++++ Data for this exercise
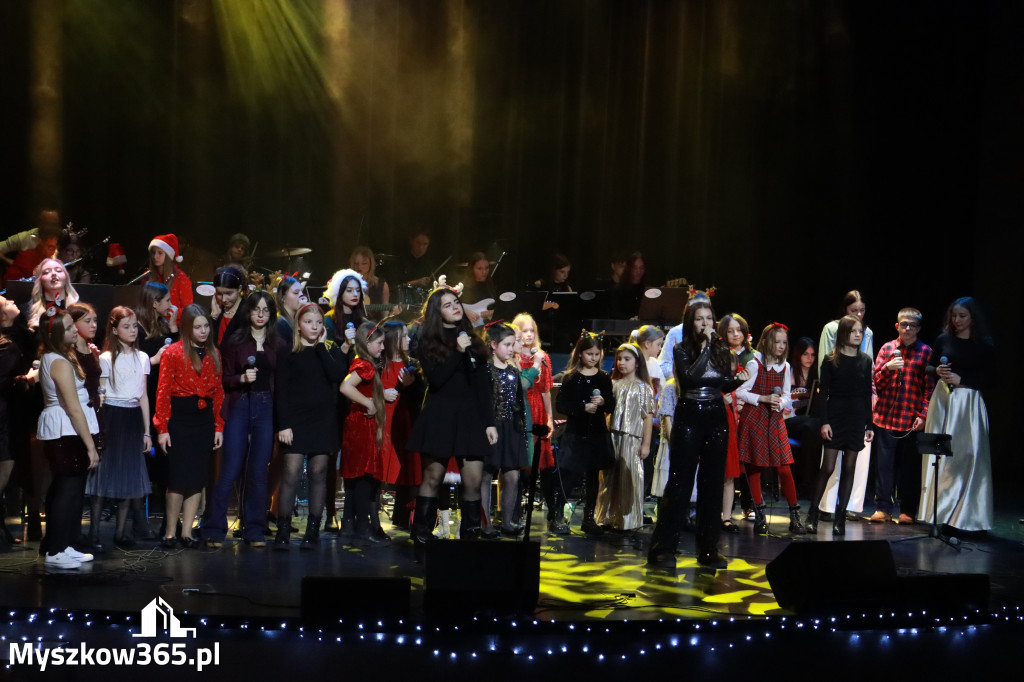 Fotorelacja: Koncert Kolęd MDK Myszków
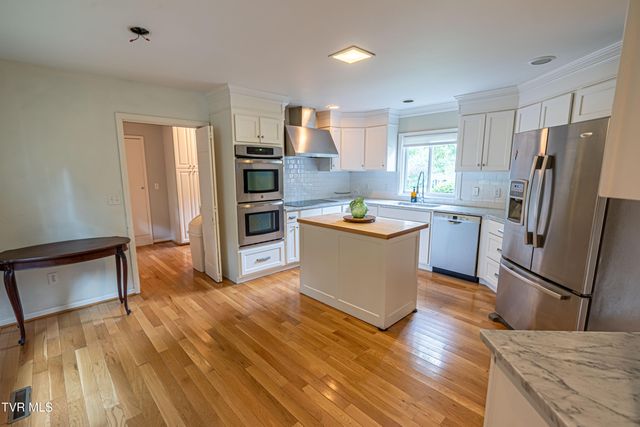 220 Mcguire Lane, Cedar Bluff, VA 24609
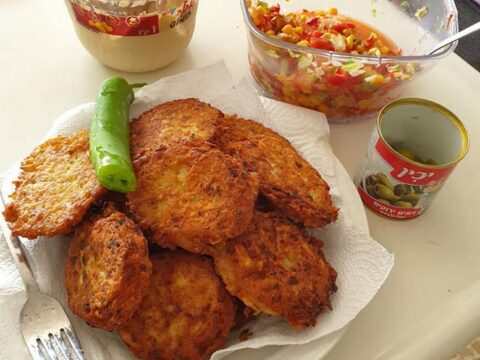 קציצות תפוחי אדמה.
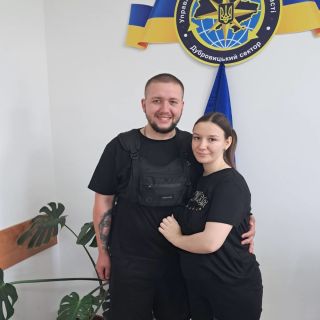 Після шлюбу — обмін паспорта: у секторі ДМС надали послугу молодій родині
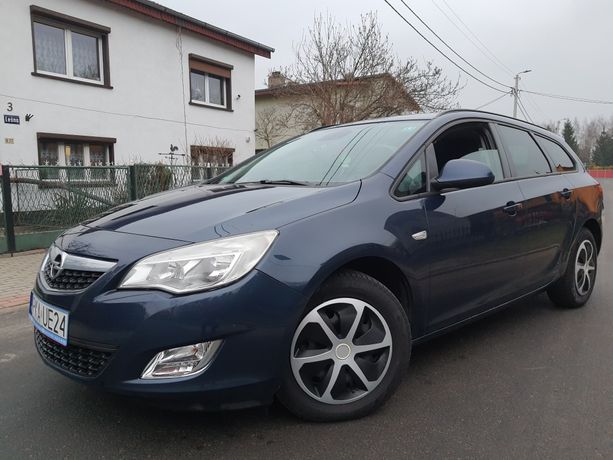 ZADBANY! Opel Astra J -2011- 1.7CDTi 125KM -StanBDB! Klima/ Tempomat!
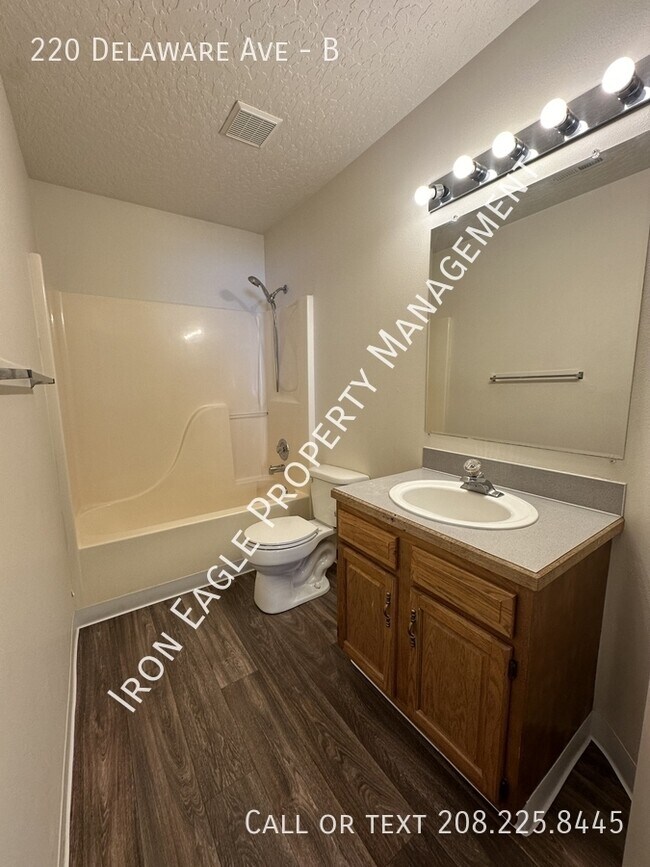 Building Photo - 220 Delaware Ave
++++++++
■ **Task prompt**: Leave out all pictures and retype precisely the lines that run from the line containing "Після шлюбу —" to the last line of the records.

■ **Answer for this exercise**:
 Після шлюбу — обмін паспорта: у секторі ДМС надали послугу молодій родині
 ZADBANY! Opel Astra J -2011- 1.7CDTi 125KM -StanBDB! Klima/ Tempomat!
 Building Photo - 220 Delaware Ave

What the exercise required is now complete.